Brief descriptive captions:
════════

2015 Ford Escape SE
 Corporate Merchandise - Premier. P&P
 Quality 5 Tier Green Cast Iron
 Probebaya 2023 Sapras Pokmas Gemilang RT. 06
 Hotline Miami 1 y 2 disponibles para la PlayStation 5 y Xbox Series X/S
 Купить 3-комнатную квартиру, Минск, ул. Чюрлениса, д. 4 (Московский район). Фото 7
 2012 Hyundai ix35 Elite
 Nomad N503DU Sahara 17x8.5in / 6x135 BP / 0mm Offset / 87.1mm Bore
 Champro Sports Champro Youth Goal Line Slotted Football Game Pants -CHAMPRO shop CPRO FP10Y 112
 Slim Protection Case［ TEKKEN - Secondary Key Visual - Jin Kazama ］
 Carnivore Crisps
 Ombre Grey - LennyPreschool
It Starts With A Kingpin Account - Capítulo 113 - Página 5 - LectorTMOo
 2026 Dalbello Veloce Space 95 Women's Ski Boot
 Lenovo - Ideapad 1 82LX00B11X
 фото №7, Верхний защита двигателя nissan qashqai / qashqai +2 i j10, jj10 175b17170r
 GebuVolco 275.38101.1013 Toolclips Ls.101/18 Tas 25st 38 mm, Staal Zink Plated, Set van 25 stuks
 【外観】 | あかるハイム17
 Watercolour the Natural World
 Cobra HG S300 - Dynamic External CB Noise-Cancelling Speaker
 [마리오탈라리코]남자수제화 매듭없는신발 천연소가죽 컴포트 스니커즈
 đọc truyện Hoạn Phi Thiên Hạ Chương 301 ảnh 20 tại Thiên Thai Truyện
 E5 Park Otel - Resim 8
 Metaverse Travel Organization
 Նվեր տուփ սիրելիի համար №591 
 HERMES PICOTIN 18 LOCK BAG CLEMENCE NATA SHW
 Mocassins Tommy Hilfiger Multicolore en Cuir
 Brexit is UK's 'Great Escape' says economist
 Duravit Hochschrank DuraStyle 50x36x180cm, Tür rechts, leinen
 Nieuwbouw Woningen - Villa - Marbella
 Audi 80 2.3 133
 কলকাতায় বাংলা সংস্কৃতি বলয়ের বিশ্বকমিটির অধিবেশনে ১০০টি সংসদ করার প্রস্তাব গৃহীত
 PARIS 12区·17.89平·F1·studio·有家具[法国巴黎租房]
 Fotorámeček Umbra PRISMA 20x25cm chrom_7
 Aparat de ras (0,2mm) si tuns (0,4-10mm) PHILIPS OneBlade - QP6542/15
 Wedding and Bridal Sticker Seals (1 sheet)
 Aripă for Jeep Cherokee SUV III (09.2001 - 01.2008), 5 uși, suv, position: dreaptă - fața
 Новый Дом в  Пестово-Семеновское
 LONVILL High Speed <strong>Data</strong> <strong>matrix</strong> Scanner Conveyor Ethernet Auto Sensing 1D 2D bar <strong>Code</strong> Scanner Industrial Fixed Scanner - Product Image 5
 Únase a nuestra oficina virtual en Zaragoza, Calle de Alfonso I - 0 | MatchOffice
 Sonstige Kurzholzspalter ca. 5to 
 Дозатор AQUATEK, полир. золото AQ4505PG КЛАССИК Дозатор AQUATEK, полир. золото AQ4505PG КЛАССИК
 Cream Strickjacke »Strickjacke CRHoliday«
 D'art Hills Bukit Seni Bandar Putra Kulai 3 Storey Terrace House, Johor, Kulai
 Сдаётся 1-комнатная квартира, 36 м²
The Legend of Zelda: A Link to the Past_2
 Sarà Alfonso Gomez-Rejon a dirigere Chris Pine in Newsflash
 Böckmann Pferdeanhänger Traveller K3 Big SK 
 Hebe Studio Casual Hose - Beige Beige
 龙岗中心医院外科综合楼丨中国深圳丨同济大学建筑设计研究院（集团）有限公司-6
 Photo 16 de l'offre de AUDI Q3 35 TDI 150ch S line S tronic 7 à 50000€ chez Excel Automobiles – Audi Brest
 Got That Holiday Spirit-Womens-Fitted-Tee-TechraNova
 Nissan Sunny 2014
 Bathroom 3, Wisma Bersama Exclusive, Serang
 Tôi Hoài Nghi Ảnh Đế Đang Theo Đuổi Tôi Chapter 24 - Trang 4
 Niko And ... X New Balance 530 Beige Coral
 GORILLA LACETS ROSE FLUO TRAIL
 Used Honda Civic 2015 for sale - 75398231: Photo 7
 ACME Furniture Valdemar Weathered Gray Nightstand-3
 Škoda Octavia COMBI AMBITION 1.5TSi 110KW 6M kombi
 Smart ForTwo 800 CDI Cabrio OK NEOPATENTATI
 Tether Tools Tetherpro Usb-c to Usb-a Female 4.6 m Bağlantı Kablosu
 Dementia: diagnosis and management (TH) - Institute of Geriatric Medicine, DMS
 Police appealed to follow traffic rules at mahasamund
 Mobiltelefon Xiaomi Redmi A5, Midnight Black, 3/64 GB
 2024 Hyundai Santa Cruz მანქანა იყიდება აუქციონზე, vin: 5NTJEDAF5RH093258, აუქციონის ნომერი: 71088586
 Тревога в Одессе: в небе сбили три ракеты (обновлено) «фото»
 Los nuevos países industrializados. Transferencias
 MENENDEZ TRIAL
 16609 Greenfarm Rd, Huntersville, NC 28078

════════

A word-for-word copy of the lines above from the one with "Quality 5 Tier Green Cast Iron" through the one with "Nomad N503DU Sahara", inclusive, is the only output wanted.

 Quality 5 Tier Green Cast Iron
 Probebaya 2023 Sapras Pokmas Gemilang RT. 06
 Hotline Miami 1 y 2 disponibles para la PlayStation 5 y Xbox Series X/S
 Купить 3-комнатную квартиру, Минск, ул. Чюрлениса, д. 4 (Московский район). Фото 7
 2012 Hyundai ix35 Elite
 Nomad N503DU Sahara 17x8.5in / 6x135 BP / 0mm Offset / 87.1mm Bore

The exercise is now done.